I've seen (in real life with my own eyes and touch) two HD jobs. Both were fences.

It was like a joke with a bad punchline

what was even worse, was hearing my buddy say "oh yeah --- and they were like $4,000 cheaper than everyone else!!!"


----------



## tkle (Apr 15, 2006)

Why the hell would I buy material from a competitor?I've made the mistake before at Lowes.They switched brick on me half way through a job.It took a couple months and filling out small claims papers before they took me serious and did me right.As far as the customer was concerned I was stalling the job.After all my headaches dealing with Lowes,I got the blame.I must say though that it was my fault for using an inferior supplier.


----------



## George Z (Dec 23, 2004)

The following link is a PDCA article about Home Depot Painting services
and New Image. Very good analysis I think. 
There should be similarities with all their install services.

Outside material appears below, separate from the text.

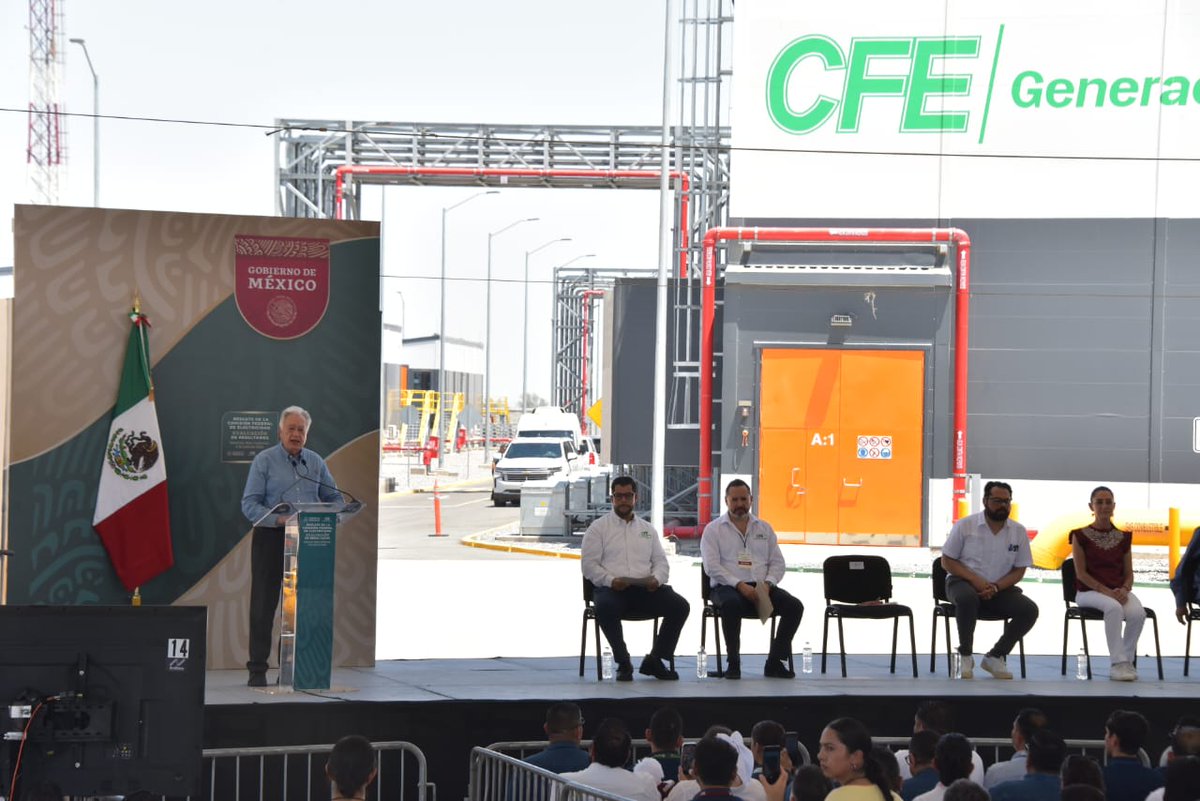 luis_bravon's tweet photo. Gracias al trabajo realizado en este sexenio a petición del presidente @lopezobrador, se ha rescatado y fortalecido a la CFE, aumentando su capacidad de generación al 54% del total en el país. https://t.co/NowYFAH2Ia https://t.co/atZvtX7smm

http://pdca.org/Articles/2006/NewImagePainting.pdf


----------



## Richard (May 21, 2006)

George Z said:


> The following link is a PDCA article about Home Depot Painting services
> and New Image. Very good analysis I think.
> There should be similarities with all their install services.
> 
> http://pdca.org/Articles/2006/NewImagePainting.pdf


Whoa That's a seriously informative article

I know what _not_ to do now....


----------



## tkle (Apr 15, 2006)

George Z said:


> The following link is a PDCA article about Home Depot Painting services
> and New Image. Very good analysis I think.
> There should be similarities with all their install services.
> 
> http://pdca.org/Articles/2006/NewImagePainting.pdf


Had to bookmark that one.Makes it hard to walk into a HD.Thanks


----------



## camaroman2125 (Apr 13, 2006)

I would never hire home depot to install anything. The last job I seen was a floor. 

It was one of them contracts where the home owner does most of the work to save money, But just ends up costing them more in the end. 

They hired HD to install a linoleum floor. It took them one day to lay the sub and seal the joints then they never showed back up.


In the end my dad and I ended up hiring our flooring guys to do the job and it cost them more cause they didn't lay the subflooring right and it had to be ripped up and redone and then they had to pay for the linoleum again and the cost to lay it.


----------



## 747 (Jan 21, 2005)

I know lowes will hijack you. I ask about putting a piece of linolum flooring in the entry way on my front door. The floor is only like 7 feet by 5 feet. They wanted 250 dollars to lay it down. Well to make long story short i left. Total cost would have been like 450 dollars for a little 7 by 5 floor. There SCAMMERS.


----------



## Chris G (May 17, 2006)

Two things. 

HD overcharging for shoddy work is good for our business.

AND, you need to look at why people are hiring Home Depot. I don't think it's because they think they are the 'best'. I think they are hiring thme because it's convenient, and they don't know where else to turn. 

Honestly, most homeowners aren't stupid, they just don't know where to go to get good work. 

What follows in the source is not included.